Spatially-integrated estimates of net ecosystem exchange and methane fluxes from Canadian peatlands

Abstract Background Peatlands are an important component of Canada’s landscape, however there is little information on their national-scale net emissions of carbon dioxide [Net Ecosystem Exchange (NEE)] and methane (CH4). This study compiled results for peatland NEE and CH4 emissions from chamber and eddy covariance studies across Canada. The data were summarized by bog, poor fen and rich-intermediate fen categories for the seven major peatland containing terrestrial ecozones (Atlantic Maritime, Mixedwood Plains, Boreal Shield, Boreal Plains, Hudson Plains, Taiga Shield, Taiga Plains) that comprise > 96% of all peatlands nationally.
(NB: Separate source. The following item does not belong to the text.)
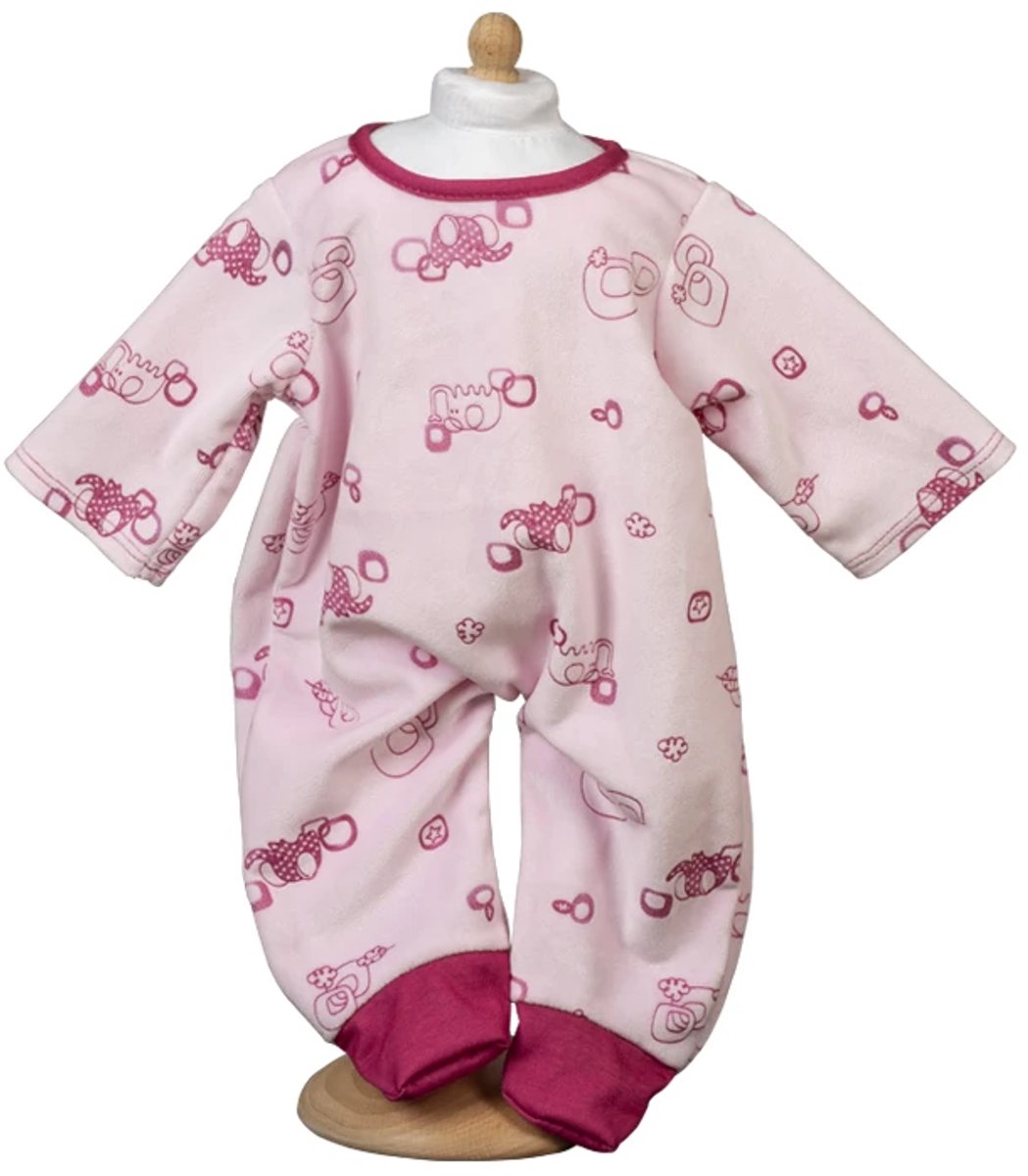 Mamamemo Poppenkleding Boxpakje Roze 33 - 37 cm
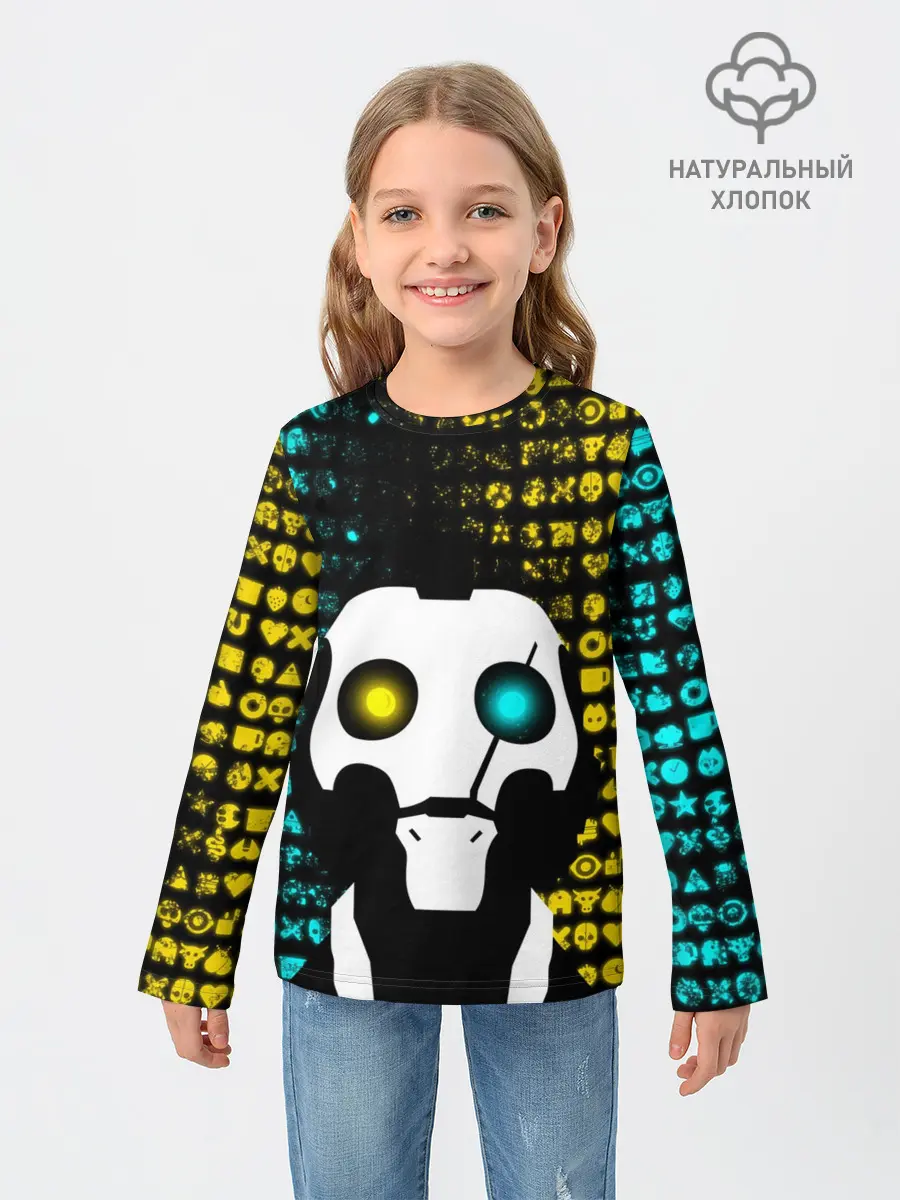 Детский лонгслив / ЛЮБОВЬ СМЕРТЬ И РОБОТЫ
Reports of multiple years of data from a single site were averaged and different microforms (e.g., hummock or hollow) within these peatland types were kept separate. A new peatlands map was created from forest composition and structure information that distinguishes bog from rich and poor fen. National Forest Inventory k-NN forest structure maps, bioclimatic variables (mean diurnal range and seasonality of temperatures) and ground surface slope were used to construct the new map. The Earth Observation for Sustainable Development map of wetlands was used to identify open peatlands with minor tree cover. Results The new map was combined with averages of observed NEE and CH4 emissions to estimate a growing season integrated NEE (± SE) at − 108.8 (± 41.3) Mt CO2 season−1 and CH4 emission at 4.1 (± 1.5) Mt CH4 season−1 for the seven ecozones. Converting CH4 to CO2 equivalent (CO2e; Global Warming Potential of 25 over 100 years) resulted in a total net sink of − 7.0 (± 77.6) Mt CO2e season−1 for Canada. Boreal Plains peatlands contributed most to the NEE sink due to high CO2 uptake rates and large peatland areas, while Boreal Shield peatlands contributed most to CH4 emissions due to moderate emission rates and large peatland areas. Assuming a winter CO2 emission of 0.9 g CO2 m−2 day−1 creates an annual CO2 source (24.2 Mt CO2 year−1) and assuming a winter CH4 emission of 7 mg CH4 m−2 day−1 inflates the total net source to 151.8 Mt CO2e year−1. Conclusions This analysis improves upon previous basic, aspatial estimates and discusses the potential sources of the high uncertainty in spatially integrated fluxes, indicating a need for continued monitoring and refined maps of peatland distribution for national carbon and greenhouse gas flux estimation.